An R-docker hello world example

This document will run you through the steps to building, running and connecting a docker container that runs R. We will

  • Set up a dockerfile
  • Set up a composer file
  • Build a container
  • Run a container with Rstudio
  • Connect to that container and run a script
  • Write the output back to a mounted data folder on the host
  • Look at how to set up other connections that you might use often

To play along at home, clone or download the directory from https://github.com/SymbolixAU/r_docker_hello

 

cont.png

About docker

Docker is a management system/environment for using containers. Containers are built on top of hosts. They share the same kernel and hardware controllers but might have a different linux flavour or set of libraries on top.

We set up container images that are like snapshots of the container we want - all the libraries, files etc. We then run the container to set up a temporary instance that contains all our working files. When we are done we stop the container and all data and any local changes are lost forever!!! To save the output of a container instance we must write the data back to the host or somewehere else that's permanent.

This youtube video is an excellent practical introduction to the world of containers.  For this example I am assuming that you are working on a machine that already has docker installed.

This example

Clone or download the repository from https://github.com/SymbolixAU/r_docker_hello. Change directory to R_docker_hello.

Inside this folder you will find:

  • Dockerfile: This lives in the top directory and specifies our build options.
  • Analysis folder: Holds a simple hello_world.R script that we will run in our container
  • Data folder: The simplest input data you will ever see. We will also mount this folder when we run the container and we will write our output back to it.
  • DockerConfig: Everyone likes particular libraries, so I've made a requirements.R that will be run whenever you build your container.

Ready?

Let's do this...

container.jpg

Inside the Dockerfile

# Base image https://hub.docker.com/u/rocker/
FROM rocker/rstudio

## Install extra R packages using requirements.R
## Specify requirements as R install commands e.g.
## 
## install.packages("<myfavouritepacakge>") or
## devtools::install("SymbolixAU/googleway")

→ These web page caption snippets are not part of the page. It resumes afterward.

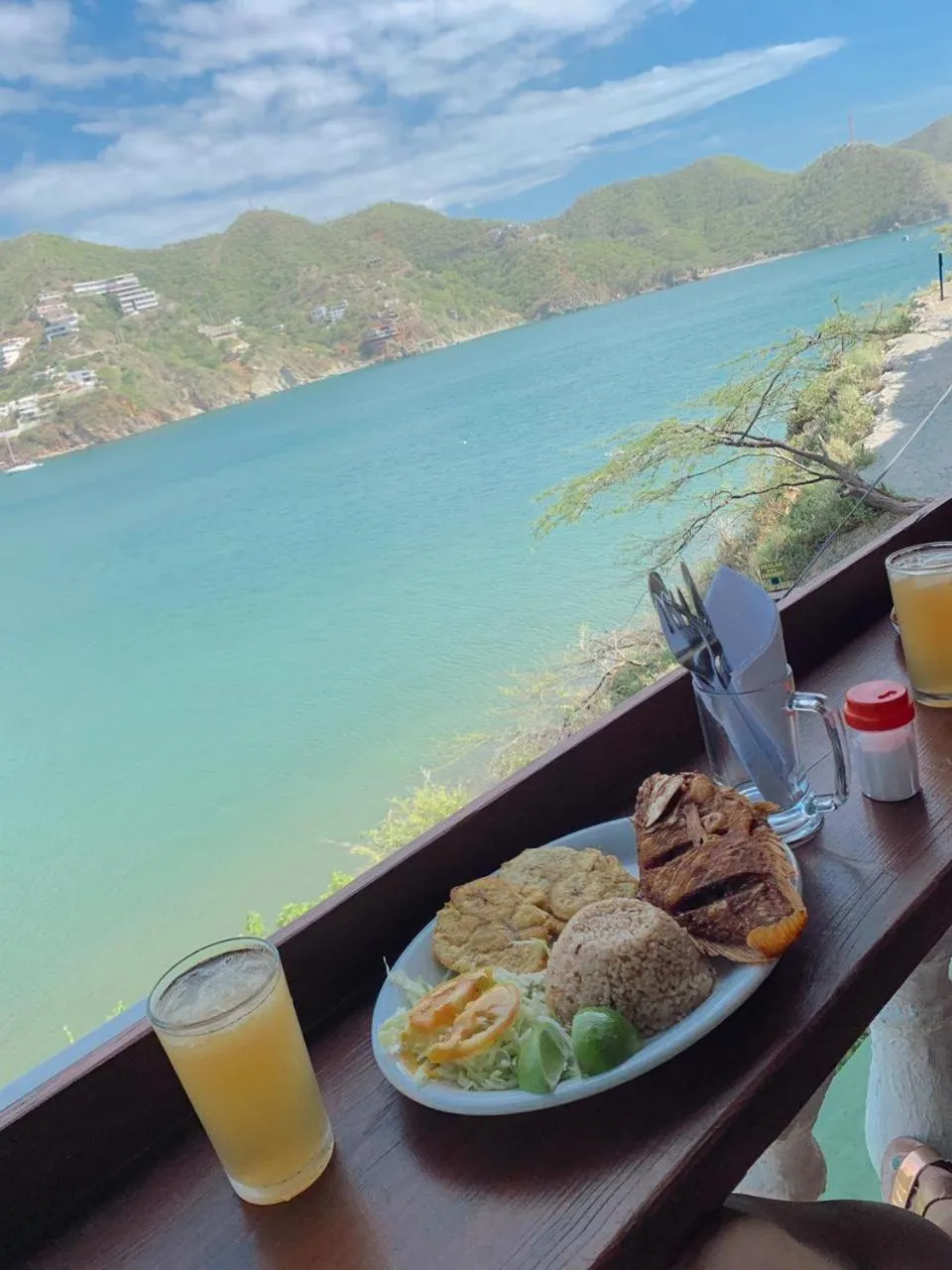 Restaurant/places to eat in Hotel Bahia Taganga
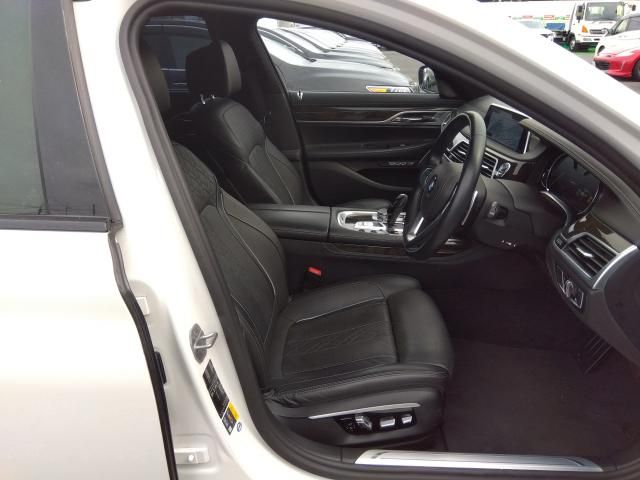 BMW 7SERIES 2017 Image 31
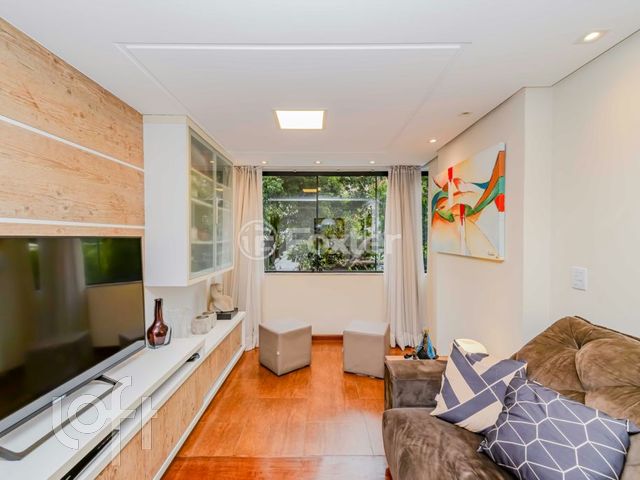 Apartamento com 87m², 3 dormitórios, 1 vaga, Auxiliadora em Porto Alegre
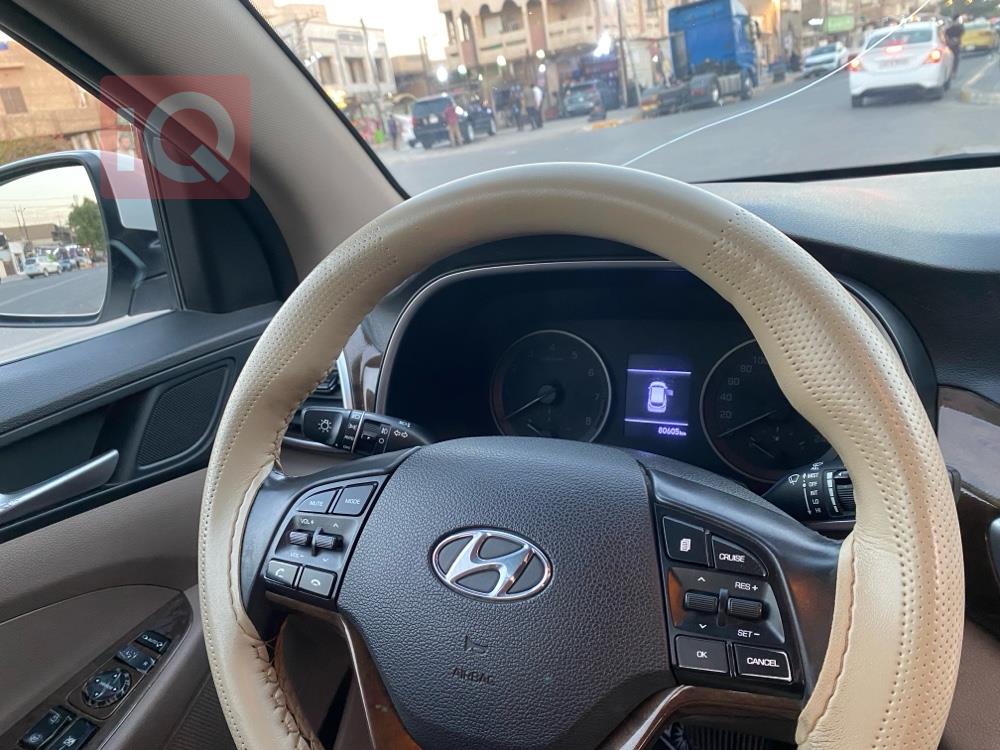 هیوندای تۆکسۆن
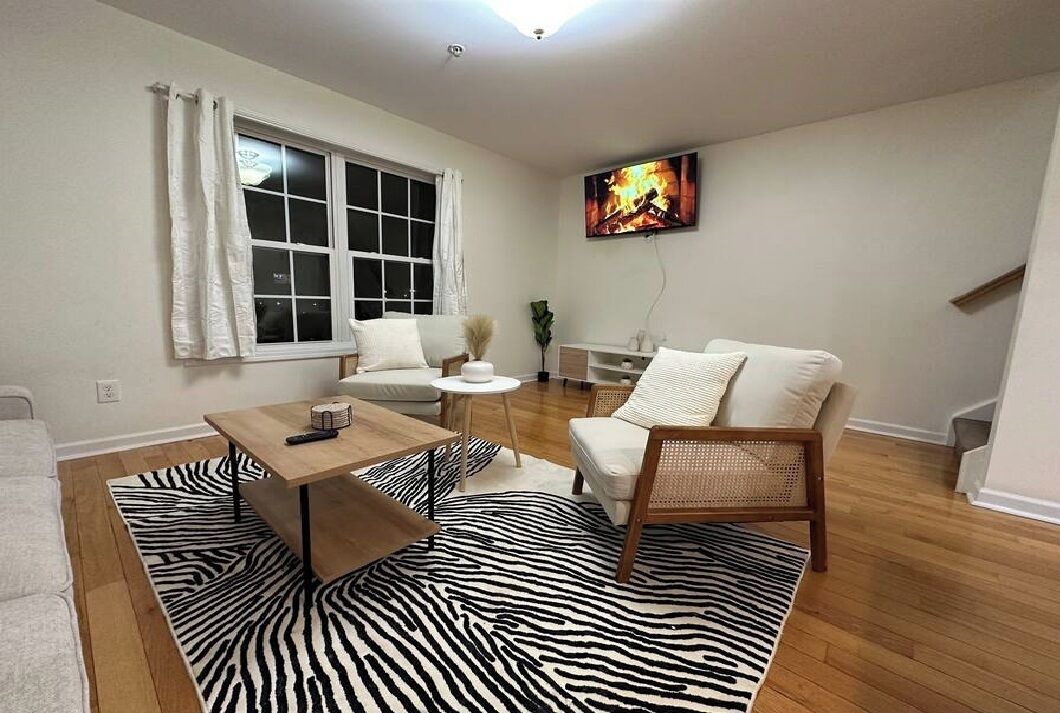 Photo of Livingroom in Stockade Historic District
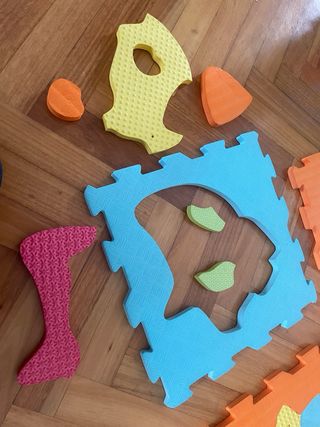 Baldosas Losetas puzzle goma bebé animales 30x30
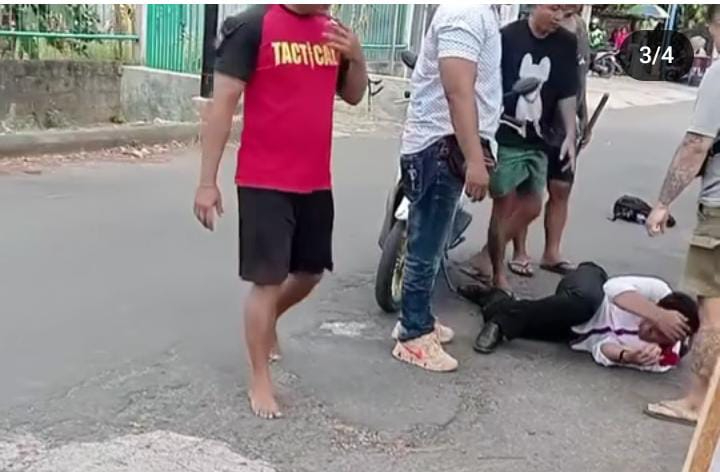 Beredar sebuah video pengeroyokan seorang mahasiswa diduga oleh kelompok ormas di Bali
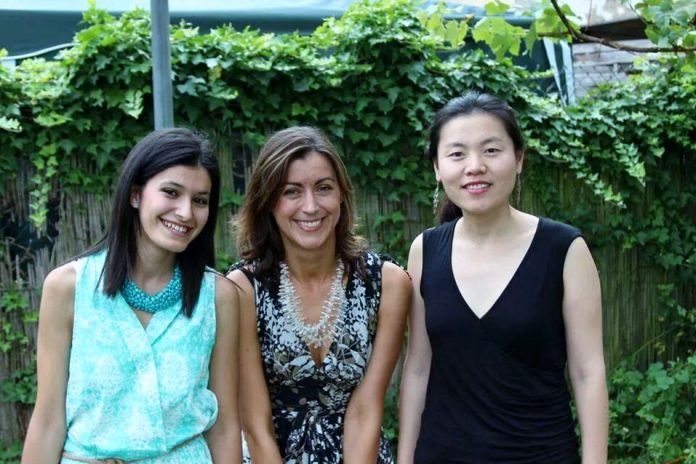 Patricia, a la izquierda, con dos compañeras del Despacho Artz-López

COPY ./DockerConfig/requirements.R /tmp/requirements.R 
RUN Rscript /tmp/requirements.R

## uncomment to include shiny server
# #RUN export ADD=shiny && bash /etc/cont-init.d/add

# create an R user
ENV USER rstudio

## Copy your working files over
COPY ./Analysis /home/$USER/Analysis
COPY ./Data /home/$USER/Data

Dockerfiles are used to build up an image. We start FROM a base image. Then we COPY files or RUN extra commands or set specific ENV variables. The Dockerfile lives in the top of the project and should be called Dockerfile with a capital D.

In this example, we are starting from the rocker/studio image. These are public (not official) but they are solid and very well supported. Rocker also have images for r-base (rocker/r-base) and a geospatial suite (rocker/rstudio-geospatial). This has all the basic spatial libraries (sp, sf) installed plus all the stuff you require outside of R to make them work (e.g. GDAL).

To install extra libraries we specify them in requirements.R. On build, this is copied onto the instance and run to install the libraries.

Finally the build copies our files over - the Analysis folder and the Data folder. We put these in the home directory of our user, called rstudio.

Build it

Type the following command into the command line. You must be in the same directory as your Dockerfile.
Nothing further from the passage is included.